# TASK BRIEF:
Only those lines from the one with "新诺威：控股子公司及关联方共同与阿斯利康签署战略合作与授权协议" through the last line of the material belong in the answer, each repeated exactly.
===== RECORD EXTRACTS =====
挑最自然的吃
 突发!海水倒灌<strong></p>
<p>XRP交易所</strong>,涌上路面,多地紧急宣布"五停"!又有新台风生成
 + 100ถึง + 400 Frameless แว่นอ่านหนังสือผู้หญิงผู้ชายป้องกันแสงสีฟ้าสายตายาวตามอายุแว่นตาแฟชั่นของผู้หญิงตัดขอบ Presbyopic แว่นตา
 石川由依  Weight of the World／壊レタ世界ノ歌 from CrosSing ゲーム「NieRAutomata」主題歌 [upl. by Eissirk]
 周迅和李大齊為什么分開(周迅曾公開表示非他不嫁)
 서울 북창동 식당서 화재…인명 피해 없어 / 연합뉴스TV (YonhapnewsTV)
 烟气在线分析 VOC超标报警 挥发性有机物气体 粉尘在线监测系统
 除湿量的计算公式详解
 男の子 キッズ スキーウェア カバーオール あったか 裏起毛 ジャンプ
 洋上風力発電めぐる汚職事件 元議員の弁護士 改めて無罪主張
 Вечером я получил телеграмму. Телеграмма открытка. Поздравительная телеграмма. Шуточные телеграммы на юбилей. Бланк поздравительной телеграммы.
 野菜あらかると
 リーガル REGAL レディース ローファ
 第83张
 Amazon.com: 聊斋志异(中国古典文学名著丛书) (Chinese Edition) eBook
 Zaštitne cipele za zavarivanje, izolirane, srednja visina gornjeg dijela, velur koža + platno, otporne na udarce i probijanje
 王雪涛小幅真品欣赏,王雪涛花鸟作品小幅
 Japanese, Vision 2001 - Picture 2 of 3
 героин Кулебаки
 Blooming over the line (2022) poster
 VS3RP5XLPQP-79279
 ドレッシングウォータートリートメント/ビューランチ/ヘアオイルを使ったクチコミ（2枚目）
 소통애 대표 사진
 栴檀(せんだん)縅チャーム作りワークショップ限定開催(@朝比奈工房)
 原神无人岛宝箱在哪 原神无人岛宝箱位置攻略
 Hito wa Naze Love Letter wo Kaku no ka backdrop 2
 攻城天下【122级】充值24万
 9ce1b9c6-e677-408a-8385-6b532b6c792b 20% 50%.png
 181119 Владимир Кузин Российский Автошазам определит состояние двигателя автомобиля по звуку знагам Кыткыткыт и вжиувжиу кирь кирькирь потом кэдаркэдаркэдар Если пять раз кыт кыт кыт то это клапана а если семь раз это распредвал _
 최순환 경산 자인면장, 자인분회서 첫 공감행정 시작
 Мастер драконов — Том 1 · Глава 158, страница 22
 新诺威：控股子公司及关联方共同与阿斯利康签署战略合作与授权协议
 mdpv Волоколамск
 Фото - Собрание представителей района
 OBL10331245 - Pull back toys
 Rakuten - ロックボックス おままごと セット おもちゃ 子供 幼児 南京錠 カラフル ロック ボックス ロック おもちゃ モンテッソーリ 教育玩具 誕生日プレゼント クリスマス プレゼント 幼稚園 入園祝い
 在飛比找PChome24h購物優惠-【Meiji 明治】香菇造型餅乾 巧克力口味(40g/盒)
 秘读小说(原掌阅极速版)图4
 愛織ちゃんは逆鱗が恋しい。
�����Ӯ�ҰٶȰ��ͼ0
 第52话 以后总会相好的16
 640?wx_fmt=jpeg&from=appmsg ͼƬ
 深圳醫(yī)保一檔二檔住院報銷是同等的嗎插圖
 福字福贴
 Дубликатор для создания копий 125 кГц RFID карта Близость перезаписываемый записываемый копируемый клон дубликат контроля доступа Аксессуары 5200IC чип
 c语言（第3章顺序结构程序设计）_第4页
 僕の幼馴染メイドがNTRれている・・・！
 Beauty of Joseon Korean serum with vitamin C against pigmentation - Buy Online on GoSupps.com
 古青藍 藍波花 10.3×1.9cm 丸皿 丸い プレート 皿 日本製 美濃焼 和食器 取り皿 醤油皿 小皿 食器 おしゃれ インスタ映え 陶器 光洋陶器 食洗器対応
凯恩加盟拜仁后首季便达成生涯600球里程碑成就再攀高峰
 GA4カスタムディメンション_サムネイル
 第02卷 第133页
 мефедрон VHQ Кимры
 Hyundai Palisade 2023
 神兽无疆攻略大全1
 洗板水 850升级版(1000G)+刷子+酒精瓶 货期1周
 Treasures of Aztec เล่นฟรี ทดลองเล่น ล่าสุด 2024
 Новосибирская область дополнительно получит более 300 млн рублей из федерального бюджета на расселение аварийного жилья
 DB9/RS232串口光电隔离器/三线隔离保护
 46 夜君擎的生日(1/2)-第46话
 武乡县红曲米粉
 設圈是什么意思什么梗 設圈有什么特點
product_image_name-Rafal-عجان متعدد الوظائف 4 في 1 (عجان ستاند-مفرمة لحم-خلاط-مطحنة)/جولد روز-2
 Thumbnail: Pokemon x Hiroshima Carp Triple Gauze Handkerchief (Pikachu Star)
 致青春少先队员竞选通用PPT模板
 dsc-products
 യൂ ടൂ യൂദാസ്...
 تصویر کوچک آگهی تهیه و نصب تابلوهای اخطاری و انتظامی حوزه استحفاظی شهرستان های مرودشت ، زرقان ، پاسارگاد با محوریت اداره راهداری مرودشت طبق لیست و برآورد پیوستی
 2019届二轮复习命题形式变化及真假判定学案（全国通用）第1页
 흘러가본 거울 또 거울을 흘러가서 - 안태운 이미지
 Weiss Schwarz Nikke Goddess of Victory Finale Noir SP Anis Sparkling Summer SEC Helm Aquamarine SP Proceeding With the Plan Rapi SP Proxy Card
=====
# SOLUTION TO THE PROBLEM:
 新诺威：控股子公司及关联方共同与阿斯利康签署战略合作与授权协议
 mdpv Волоколамск
 Фото - Собрание представителей района
 OBL10331245 - Pull back toys
 Rakuten - ロックボックス おままごと セット おもちゃ 子供 幼児 南京錠 カラフル ロック ボックス ロック おもちゃ モンテッソーリ 教育玩具 誕生日プレゼント クリスマス プレゼント 幼稚園 入園祝い
 在飛比找PChome24h購物優惠-【Meiji 明治】香菇造型餅乾 巧克力口味(40g/盒)
 秘读小说(原掌阅极速版)图4
 愛織ちゃんは逆鱗が恋しい。
�����Ӯ�ҰٶȰ��ͼ0
 第52话 以后总会相好的16
 640?wx_fmt=jpeg&from=appmsg ͼƬ
 深圳醫(yī)保一檔二檔住院報銷是同等的嗎插圖
 福字福贴
 Дубликатор для создания копий 125 кГц RFID карта Близость перезаписываемый записываемый копируемый клон дубликат контроля доступа Аксессуары 5200IC чип
 c语言（第3章顺序结构程序设计）_第4页
 僕の幼馴染メイドがNTRれている・・・！
 Beauty of Joseon Korean serum with vitamin C against pigmentation - Buy Online on GoSupps.com
 古青藍 藍波花 10.3×1.9cm 丸皿 丸い プレート 皿 日本製 美濃焼 和食器 取り皿 醤油皿 小皿 食器 おしゃれ インスタ映え 陶器 光洋陶器 食洗器対応
凯恩加盟拜仁后首季便达成生涯600球里程碑成就再攀高峰
 GA4カスタムディメンション_サムネイル
 第02卷 第133页
 мефедрон VHQ Кимры
 Hyundai Palisade 2023
 神兽无疆攻略大全1
 洗板水 850升级版(1000G)+刷子+酒精瓶 货期1周
 Treasures of Aztec เล่นฟรี ทดลองเล่น ล่าสุด 2024
 Новосибирская область дополнительно получит более 300 млн рублей из федерального бюджета на расселение аварийного жилья
 DB9/RS232串口光电隔离器/三线隔离保护
 46 夜君擎的生日(1/2)-第46话
 武乡县红曲米粉
 設圈是什么意思什么梗 設圈有什么特點
product_image_name-Rafal-عجان متعدد الوظائف 4 في 1 (عجان ستاند-مفرمة لحم-خلاط-مطحنة)/جولد روز-2
 Thumbnail: Pokemon x Hiroshima Carp Triple Gauze Handkerchief (Pikachu Star)
 致青春少先队员竞选通用PPT模板
 dsc-products
 യൂ ടൂ യൂദാസ്...
 تصویر کوچک آگهی تهیه و نصب تابلوهای اخطاری و انتظامی حوزه استحفاظی شهرستان های مرودشت ، زرقان ، پاسارگاد با محوریت اداره راهداری مرودشت طبق لیست و برآورد پیوستی
 2019届二轮复习命题形式变化及真假判定学案（全国通用）第1页
 흘러가본 거울 또 거울을 흘러가서 - 안태운 이미지
 Weiss Schwarz Nikke Goddess of Victory Finale Noir SP Anis Sparkling Summer SEC Helm Aquamarine SP Proceeding With the Plan Rapi SP Proxy Card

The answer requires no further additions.